Yeah. I know you don't give a shit. I've avoided talking about poetry in this blog for three years because I know nobody gives a shit. But if you want an update, right now, this is what it's going to look like.

What are you expecting, right now? Some big claim about how I'm going to become fluent in Korean and then single-handedly bring Korean poetry to the English speaking world? Fuck off. You should know better than that. Just becoming fluent in Korean is enough of a decade-long task for me at the moment. But there's a lot of shit to be done in the area, isn't there?

This is the part where readers I didn't even know I had come out of the woodwork and solve all my problems for me by pointing out all the places where I can easily find books and biographies in English by/about Korean poets. That's the real point of making this post. Ready, set, go.

11.09.2011

Thanksgiving stuff and feeling a bit blue.

Sigh. The early dark/return to quiet empty apartment in contrast with full family home combo is making me a little blah. Plus I only taught one class today, which always knocks me down in the dumps. It was a fucking cute ass class though. B ban second graders, so there were moments of feigned "anger" about them going off the rails into rambling, nonsensical Korean jokey joke territory, but basically I just got them onto the track of at least making nonsensical jokes in English and we were alright. It was the 태근 Express's class, and they always meander down the thin line between enthusiastic and fun vs. a little out of hand, but we were doing our Thanksgiving lesson, so I gave a little leeway today.

By the way, I was kind of stumped as to what to do with the second graders this year for Thanksgiving, given that I absolutely refuse to teach any of the mythical "Indians and pilgrims" fucking bullshit that surrounds the holiday, and I already covered the food and being "thankful for" things last year. I gave the internet a good once over, and found something for my A ban that would work -- putting them into groups, and having them imagine that they are turkeys. Then, they have to form an argument for why someone should eat their neighboring group for Thanksgiving instead of their own. My A ban are okay to do a short writing exercise like that, so long as they have a group to work with. But B ban? No way, no how. I mean, they could do it. If I had a month's worth of classes to prep them for it. But I don't.

So I mulled it over for a while and remembered that during last year's Thanksgiving ppt, they were pretty fucking fascinated with the concept of the wishbone. And making one sentence about something they wish for is well within their ability. So I had them make paper wishbones with a partner, writing each of their wishes on either side, and then we all did a big countdown before they pulled them apart to see whose wish would come true. It involved three of their favorite things: competition, noise and destructive behavior. They were fucking well into it.

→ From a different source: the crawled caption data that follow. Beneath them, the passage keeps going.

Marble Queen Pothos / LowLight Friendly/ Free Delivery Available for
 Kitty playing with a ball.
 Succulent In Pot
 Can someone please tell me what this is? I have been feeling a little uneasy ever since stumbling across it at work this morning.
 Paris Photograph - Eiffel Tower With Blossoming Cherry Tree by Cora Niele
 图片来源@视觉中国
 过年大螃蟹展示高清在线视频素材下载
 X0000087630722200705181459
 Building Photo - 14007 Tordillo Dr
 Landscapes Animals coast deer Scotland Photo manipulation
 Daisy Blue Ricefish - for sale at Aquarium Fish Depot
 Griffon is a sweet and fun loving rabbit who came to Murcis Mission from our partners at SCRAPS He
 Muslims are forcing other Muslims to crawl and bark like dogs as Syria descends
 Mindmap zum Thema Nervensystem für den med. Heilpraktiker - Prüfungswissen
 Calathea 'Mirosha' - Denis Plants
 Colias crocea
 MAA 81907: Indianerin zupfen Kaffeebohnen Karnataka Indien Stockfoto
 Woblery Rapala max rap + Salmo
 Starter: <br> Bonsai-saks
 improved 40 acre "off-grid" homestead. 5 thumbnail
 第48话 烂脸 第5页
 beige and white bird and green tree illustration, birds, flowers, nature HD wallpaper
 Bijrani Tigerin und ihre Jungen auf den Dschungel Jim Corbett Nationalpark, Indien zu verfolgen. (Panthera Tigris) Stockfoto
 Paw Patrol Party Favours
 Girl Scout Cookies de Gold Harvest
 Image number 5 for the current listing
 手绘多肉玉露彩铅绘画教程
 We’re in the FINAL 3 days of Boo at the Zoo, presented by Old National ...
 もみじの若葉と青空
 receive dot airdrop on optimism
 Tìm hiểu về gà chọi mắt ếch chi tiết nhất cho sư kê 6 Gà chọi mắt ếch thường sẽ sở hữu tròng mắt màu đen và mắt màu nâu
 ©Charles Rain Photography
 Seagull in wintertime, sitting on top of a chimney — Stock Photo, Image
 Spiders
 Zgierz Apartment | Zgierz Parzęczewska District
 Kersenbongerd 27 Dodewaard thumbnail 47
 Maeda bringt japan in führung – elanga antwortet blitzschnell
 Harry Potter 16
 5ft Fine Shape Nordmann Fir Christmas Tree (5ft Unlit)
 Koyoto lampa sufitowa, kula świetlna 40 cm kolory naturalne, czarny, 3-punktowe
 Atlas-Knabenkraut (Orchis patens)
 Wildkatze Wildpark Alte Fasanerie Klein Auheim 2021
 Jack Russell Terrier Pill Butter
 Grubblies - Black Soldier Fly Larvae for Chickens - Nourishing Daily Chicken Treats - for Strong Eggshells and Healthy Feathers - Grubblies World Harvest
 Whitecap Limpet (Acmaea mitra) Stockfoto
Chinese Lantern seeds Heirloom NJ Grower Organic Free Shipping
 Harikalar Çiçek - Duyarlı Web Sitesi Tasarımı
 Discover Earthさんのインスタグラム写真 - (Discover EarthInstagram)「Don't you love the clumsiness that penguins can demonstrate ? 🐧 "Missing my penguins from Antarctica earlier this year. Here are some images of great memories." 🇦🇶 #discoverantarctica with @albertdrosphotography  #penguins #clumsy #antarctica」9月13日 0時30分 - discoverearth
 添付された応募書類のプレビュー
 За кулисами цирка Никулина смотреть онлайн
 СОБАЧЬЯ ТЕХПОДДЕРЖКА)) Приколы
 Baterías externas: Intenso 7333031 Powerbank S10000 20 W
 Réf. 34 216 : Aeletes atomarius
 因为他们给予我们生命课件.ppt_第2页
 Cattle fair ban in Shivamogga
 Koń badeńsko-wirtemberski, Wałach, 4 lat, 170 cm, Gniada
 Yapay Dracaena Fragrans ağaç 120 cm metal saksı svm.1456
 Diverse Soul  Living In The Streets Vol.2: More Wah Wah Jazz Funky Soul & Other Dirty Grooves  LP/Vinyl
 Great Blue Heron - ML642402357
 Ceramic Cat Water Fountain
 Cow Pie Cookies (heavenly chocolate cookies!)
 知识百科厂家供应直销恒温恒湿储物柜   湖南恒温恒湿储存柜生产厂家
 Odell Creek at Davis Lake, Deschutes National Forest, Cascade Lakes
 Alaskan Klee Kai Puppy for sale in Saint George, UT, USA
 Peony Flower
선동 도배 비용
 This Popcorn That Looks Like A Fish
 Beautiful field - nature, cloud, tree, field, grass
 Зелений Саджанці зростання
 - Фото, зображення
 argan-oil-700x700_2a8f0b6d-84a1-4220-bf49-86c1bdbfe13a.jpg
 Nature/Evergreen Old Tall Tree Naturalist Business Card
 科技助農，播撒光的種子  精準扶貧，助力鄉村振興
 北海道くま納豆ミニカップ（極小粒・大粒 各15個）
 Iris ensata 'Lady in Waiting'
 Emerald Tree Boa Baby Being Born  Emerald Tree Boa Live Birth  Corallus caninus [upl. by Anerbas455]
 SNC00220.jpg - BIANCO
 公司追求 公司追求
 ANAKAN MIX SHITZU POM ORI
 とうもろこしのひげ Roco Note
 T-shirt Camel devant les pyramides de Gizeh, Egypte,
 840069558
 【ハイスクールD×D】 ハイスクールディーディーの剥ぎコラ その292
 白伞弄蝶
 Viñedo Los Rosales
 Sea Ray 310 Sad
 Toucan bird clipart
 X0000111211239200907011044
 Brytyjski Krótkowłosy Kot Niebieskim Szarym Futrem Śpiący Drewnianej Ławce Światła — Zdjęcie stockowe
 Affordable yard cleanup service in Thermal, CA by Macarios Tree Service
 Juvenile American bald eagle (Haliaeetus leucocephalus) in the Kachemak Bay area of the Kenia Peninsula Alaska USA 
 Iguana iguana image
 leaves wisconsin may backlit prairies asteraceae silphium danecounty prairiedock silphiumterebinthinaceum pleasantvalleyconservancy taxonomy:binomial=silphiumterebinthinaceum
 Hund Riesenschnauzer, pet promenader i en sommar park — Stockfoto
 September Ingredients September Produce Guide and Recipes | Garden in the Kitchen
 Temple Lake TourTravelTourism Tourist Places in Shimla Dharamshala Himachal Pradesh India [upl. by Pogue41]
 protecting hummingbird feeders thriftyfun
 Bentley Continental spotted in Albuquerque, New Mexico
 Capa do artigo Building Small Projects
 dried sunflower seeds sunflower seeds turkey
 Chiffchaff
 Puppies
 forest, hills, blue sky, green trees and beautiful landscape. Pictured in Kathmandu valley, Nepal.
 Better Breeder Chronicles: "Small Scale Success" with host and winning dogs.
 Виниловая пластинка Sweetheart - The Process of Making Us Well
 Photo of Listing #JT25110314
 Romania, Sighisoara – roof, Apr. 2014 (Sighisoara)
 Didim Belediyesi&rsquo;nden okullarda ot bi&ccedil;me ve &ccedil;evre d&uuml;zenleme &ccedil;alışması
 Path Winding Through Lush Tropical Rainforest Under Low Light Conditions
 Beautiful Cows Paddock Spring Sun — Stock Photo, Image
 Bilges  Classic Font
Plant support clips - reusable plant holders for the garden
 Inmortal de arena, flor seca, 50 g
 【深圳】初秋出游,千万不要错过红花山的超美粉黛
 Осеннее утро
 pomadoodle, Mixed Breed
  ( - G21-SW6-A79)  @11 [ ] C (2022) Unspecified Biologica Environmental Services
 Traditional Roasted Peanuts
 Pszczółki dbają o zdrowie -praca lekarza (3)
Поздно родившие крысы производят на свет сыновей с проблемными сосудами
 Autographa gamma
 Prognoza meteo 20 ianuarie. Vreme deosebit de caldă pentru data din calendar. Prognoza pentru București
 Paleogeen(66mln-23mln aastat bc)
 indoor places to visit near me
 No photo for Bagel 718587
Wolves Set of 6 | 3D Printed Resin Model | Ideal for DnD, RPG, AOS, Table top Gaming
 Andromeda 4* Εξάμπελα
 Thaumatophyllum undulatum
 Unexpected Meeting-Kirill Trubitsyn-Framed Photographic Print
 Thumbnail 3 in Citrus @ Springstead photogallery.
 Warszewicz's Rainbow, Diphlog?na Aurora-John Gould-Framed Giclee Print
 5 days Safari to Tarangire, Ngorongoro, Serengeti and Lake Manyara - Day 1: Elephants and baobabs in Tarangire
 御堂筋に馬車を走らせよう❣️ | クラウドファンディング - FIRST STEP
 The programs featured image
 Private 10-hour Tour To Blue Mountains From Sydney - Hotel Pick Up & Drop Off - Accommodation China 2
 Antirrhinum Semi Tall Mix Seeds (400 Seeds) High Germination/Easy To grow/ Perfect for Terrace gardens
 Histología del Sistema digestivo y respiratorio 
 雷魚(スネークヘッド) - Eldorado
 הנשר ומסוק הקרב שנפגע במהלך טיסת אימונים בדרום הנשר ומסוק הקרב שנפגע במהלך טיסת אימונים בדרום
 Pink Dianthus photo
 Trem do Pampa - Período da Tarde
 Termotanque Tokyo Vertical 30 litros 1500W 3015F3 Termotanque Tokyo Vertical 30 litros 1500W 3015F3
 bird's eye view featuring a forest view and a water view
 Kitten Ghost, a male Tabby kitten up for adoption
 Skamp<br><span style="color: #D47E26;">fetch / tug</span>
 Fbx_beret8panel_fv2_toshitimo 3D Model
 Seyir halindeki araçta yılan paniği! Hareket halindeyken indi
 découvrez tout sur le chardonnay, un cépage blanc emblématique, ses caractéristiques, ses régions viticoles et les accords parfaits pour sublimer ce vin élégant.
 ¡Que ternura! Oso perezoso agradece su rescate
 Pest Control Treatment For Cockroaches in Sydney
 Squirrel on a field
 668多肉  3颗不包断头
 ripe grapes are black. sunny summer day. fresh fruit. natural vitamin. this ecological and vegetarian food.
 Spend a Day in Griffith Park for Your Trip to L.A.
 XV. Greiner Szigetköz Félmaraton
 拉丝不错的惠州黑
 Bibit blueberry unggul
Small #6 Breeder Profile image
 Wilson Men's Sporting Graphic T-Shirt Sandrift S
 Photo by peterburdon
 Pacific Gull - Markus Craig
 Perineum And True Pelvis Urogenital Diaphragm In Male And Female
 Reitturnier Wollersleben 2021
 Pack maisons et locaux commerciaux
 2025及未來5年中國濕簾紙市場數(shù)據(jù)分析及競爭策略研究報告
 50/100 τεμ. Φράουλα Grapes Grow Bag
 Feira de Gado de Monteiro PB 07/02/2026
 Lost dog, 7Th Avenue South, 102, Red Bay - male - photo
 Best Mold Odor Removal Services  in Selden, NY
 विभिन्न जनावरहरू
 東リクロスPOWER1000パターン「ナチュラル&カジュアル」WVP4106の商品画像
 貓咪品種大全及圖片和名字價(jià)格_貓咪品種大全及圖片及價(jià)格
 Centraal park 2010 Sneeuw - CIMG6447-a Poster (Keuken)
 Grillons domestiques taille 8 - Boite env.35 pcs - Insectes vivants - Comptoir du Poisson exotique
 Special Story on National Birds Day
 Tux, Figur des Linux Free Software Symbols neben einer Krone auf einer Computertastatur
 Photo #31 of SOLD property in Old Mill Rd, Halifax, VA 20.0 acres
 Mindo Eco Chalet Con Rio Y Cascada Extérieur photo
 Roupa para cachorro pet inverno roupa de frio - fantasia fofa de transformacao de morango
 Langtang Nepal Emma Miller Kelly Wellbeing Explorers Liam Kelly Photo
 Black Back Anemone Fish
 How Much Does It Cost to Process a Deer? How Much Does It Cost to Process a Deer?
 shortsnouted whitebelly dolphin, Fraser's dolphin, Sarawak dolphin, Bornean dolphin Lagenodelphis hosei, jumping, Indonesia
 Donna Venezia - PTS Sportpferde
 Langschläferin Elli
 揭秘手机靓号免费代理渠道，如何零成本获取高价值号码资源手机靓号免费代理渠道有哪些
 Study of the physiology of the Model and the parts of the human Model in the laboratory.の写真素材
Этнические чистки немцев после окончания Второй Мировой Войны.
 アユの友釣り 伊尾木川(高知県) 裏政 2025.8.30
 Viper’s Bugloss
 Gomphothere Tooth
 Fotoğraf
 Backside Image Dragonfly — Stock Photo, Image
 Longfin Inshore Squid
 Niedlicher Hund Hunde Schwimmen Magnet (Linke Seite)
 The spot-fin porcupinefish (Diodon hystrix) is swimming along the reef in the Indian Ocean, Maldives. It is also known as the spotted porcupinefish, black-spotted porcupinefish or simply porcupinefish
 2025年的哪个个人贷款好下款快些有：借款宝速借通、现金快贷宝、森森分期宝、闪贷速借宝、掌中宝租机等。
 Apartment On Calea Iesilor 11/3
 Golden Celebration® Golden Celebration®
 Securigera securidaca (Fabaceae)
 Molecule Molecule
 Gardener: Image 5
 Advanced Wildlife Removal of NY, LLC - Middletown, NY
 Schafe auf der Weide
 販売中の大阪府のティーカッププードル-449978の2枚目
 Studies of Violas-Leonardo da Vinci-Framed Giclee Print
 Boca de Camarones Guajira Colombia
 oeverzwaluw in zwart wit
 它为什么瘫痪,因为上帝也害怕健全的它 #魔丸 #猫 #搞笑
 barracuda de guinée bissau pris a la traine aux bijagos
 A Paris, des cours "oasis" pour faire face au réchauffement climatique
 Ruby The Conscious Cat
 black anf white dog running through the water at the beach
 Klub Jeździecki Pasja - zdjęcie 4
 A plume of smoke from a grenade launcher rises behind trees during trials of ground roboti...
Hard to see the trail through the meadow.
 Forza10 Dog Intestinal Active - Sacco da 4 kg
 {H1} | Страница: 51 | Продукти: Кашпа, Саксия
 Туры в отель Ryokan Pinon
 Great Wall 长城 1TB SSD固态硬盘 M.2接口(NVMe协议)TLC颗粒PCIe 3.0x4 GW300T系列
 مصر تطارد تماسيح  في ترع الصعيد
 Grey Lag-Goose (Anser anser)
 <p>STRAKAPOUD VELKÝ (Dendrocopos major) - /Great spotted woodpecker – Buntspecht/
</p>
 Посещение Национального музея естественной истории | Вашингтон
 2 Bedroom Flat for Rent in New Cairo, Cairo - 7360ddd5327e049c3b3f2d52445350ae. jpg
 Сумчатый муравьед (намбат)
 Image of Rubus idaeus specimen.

Another good subject to cover is Black Friday. They could stare at photos of that nonsense for hours, and if you tell a story about how someone got killed in the mad rush to make good on pre-Christmas sales, you'll be the school legend for the day. You can teach a ton of vocabulary like "wait in line" and "overnight" and "before sunrise" and "doors open". My students were also really fascinated to see how mixed the crowds were, racially, and I realized that it may have been the first time they got a really accurate depiction of that aspect of American society.

Blah blah blah. The point is, I'm in an odd mood. But I reckon I'll survive. Day off tomorrow for national exams, but I've got to make a trip into Seoul in the morning for a photo shoot (what?) and then back all the way to the far end of Incheon for -- yeehaw! -- Immigration. Visa renewal. Good thing the red buses are still on strike, hey?

Busan's off down in Busan, as he's been between jobs the past two weeks and, after spending all of last week off work and alone, he couldn't bear to face another week of it. So he went home to see his family (his brother's moved back home now) and his best friend, who's been away in Singapore for a year. He's back up tonight to start his new job in the morning. Here's hoping there are no shitty attempts to get him to visit prostitutes at this one, and as little 야근 as possible, eh?

Ramble ramble. Is this what you were looking for?

I've received a very helpful email this morning.

I’ve been reading imnopicasso.blogspot.com and have a story idea that might interest your followers:

Is charter travel really an option for the ordinary traveler? We are all familiar with the private jet charter services that important business executives use to jet across the country to a meeting, but did you know that chartering is a viable option for individuals and groups looking for high service, convenience or possibly even saving money on traveling? From airline to bus travel to limousines, I explore some of your chartering options.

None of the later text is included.